JR

http://www.jr-art.net
http://www.insideoutproject.net

"Art doesn't change the world but it can create an analogy. Art can change the way we see the world. And this for me is already changing things." JR is a young French photograffeur that started making graffiti in Paris when he was 15.

One day he found a cheap camera in the subway and he started taking pictures of his own and his friends' graffiti adventures. That's when he started working with portraits. Years went by and his art gallery is still the street. JR works are not conceived to last: the rain and the wind end up by spoiling them, but what remains is much more important.

In 2006 he launched Portrait of a generation, huge-format portraits of people from Paris' banlieues, where he looked for life behind the tragedy that was depicted by the media rethoric. In 2007 in the Middle East, with business partner Marc, he made Face2Face, which some consider to be the biggest illegal photo exhibition ever.

In 2008 he embarked on a long international trip for his exhibition Women are heroes, a project underlining the dignity of women who are the target of conflict. In 2010, the documentary Women Are Heroes was presented at the Cannes Film Festival and received a long standing ovation.

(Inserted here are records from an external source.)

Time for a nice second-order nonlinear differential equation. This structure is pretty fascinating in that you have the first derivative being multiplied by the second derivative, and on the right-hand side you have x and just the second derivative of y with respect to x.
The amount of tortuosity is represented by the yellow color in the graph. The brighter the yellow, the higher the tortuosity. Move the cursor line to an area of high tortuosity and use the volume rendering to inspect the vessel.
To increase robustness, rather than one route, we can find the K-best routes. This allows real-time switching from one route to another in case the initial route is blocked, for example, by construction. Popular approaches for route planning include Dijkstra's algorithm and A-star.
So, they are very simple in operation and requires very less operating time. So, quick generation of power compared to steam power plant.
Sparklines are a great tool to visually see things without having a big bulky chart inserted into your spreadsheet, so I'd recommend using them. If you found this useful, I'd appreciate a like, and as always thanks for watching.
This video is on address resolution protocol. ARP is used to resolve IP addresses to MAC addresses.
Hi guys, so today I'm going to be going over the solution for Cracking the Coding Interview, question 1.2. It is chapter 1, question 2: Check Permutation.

Last year, JR was awarded the TED prize. The same day he launched the Inside Out project:
"A subject you're passionate about, a person about whom you want to tell the story or even your own photos - tell me what you stand for. Take the photos, the portraits, upload it [...] and I'll send you back your poster. Join by groups and reveal things to the world. The full data is on the website - insideoutproject.net [...] What we see changes who we are. When we act together, the whole thing is much more than the sum of the parts. So I hope that, together, we'll create something that the world will remember. And this starts right now and depends on you."

Check out Inside Out Barcelona http://theinfluencers.org/insideout/

Videos & Sounds

The power of images in the street and in society. The way JR started: he was a teenager and he wanted to exist, to write his name everywhere, with pure graffiti, in the rooftops of Paris. Then he started to take photos of these adventures, in order to document his actions.

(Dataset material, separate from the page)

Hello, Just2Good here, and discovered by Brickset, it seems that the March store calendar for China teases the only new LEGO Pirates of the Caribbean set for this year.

But he was really intrigued by the exchange with the media. For example, Palestinians and Israelis see each other only through the media. So he went there with his friend Marco and shot people pairs, doing the same job, and pasted them in unavoidable places on both sides of the town, like the security fence. People couldn't say who was the Palestinian and who was the Israeli.

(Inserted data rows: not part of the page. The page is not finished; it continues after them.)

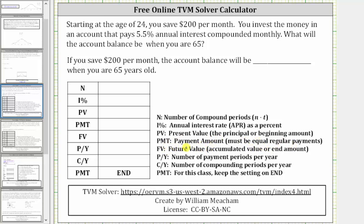P/Y is the number of payment periods per year. C/Y is the number of compounding periods per year. And at the bottom, we always set payment to end.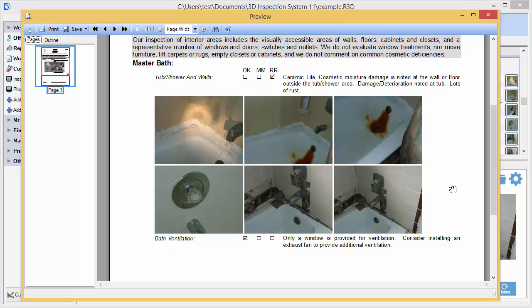And again, there's no limit to the number of images that may be inserted in a particular section of the inspection report, but you may combine them nicely together by using the below image position.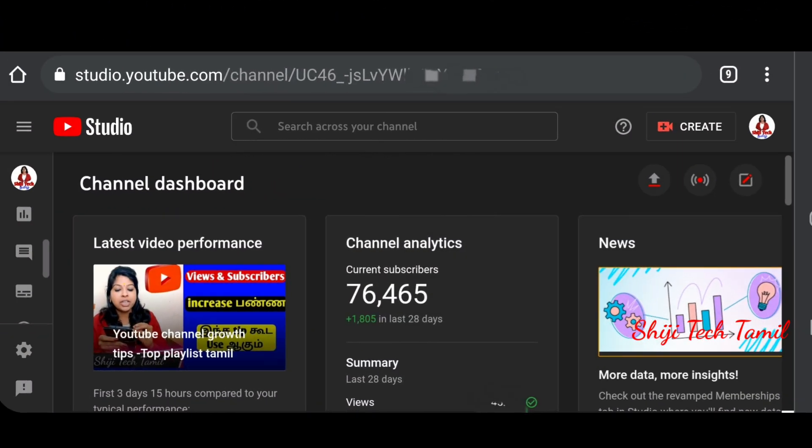Now we will open the YouTube channel. Let's open it on a mobile phone. If you are using desktop, switch to desktop mode. You will open the channel dashboard from the left side.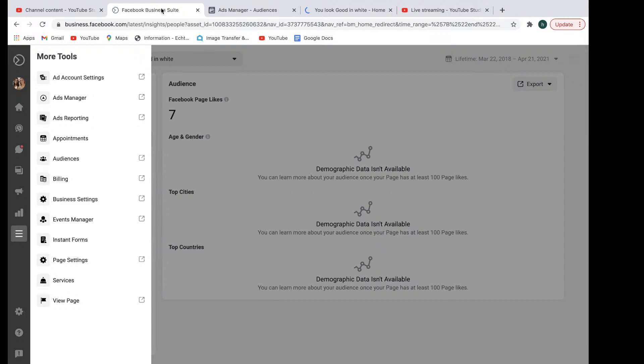And that is going to be everything I'm going to cover today. We're going to go back to the homepage here. And that is basically a tutorial, everybody, on how to use the Facebook business suite.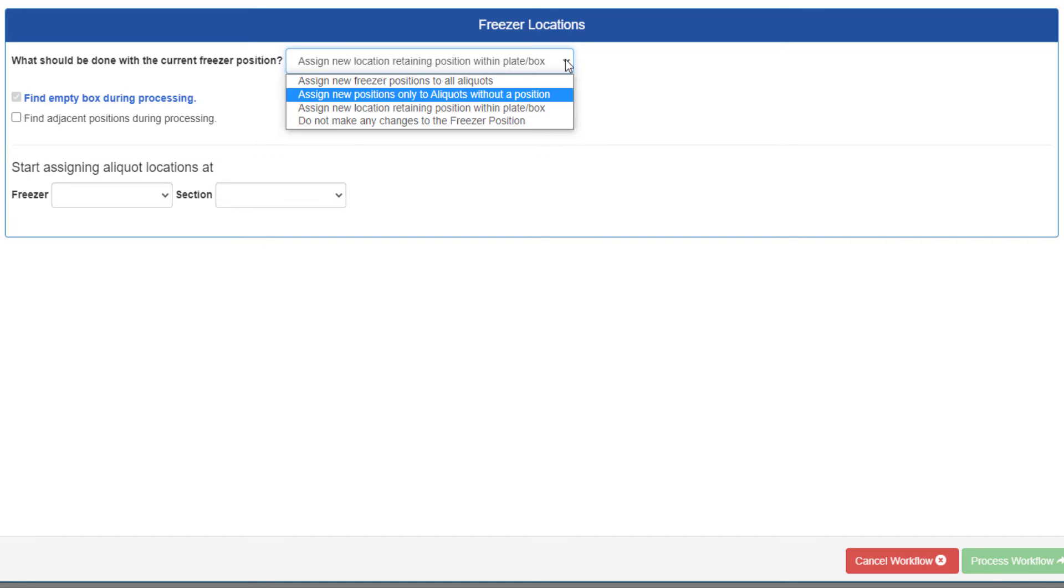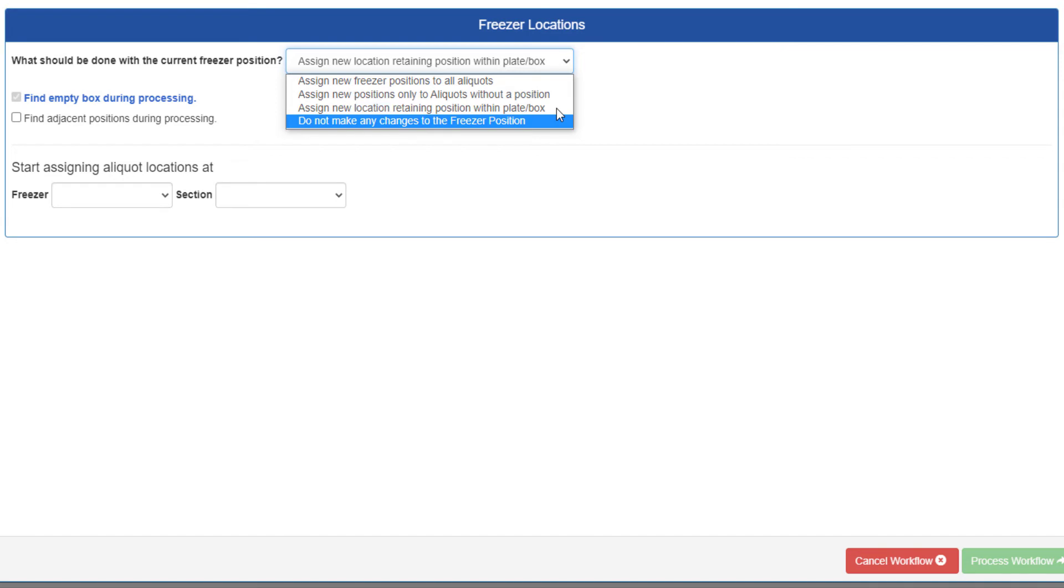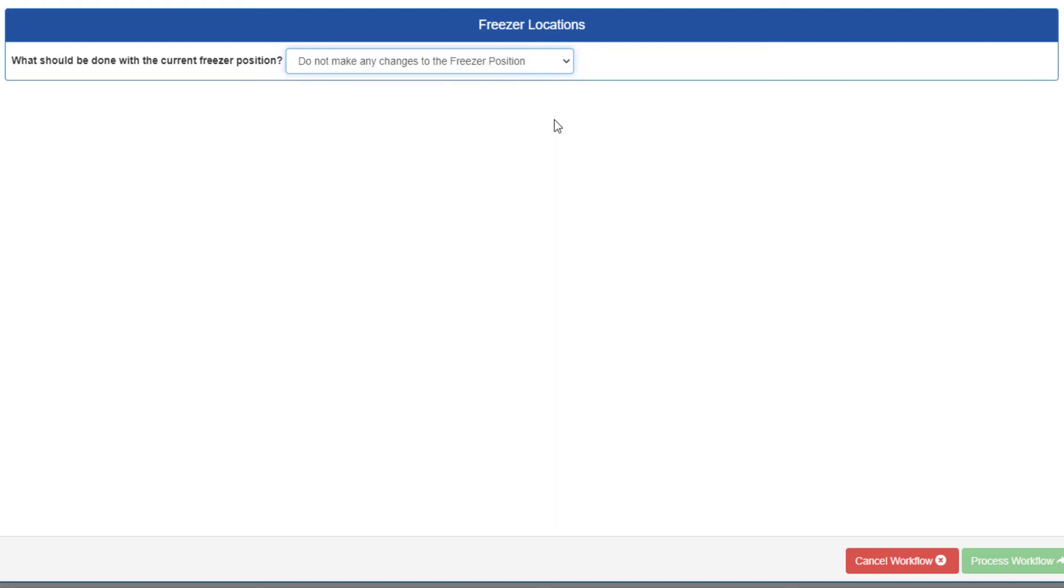Assign new location retaining position within plate slash box, which you should select if you are checking in aliquots that were checked out using the option remove from freezer, but retain aliquot position. And do not make any changes to the freezer position. This last option will cause the freezer assignment fields to disappear, as they're no longer necessary.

After that, JR decided to completely disconnect from the art world, go to places where art world doesn't exist and implicate much more the community. But in most of these countries, the people you deal with in the street are men and that's why he decided to make a project about women.

JR kept on traveling. He went to Africa, visited slums and pasted eyes on the trains and the rooftops. Then he went to India, where he couldn't paste and so they used white with a sticky material and the images were revealed during the Holi Festival, when people throw colored powder.

When the pictures from the favela were pasted on the "Arcos da Lapa" in Rio de Janeiro, a monument of the city, they created a huge debate. So he started to bring these stories in the capitals: Paris, London, Los Angeles. It's all about the context: JR doesn't care if he's the photographer or not. Actually he also uses photos from archives.

Q&A
How do you finance your projects, trips, books and so on? With some brand behind the meaning would be too different, so JR sells his photos on the Internet, but when he started there was no business model.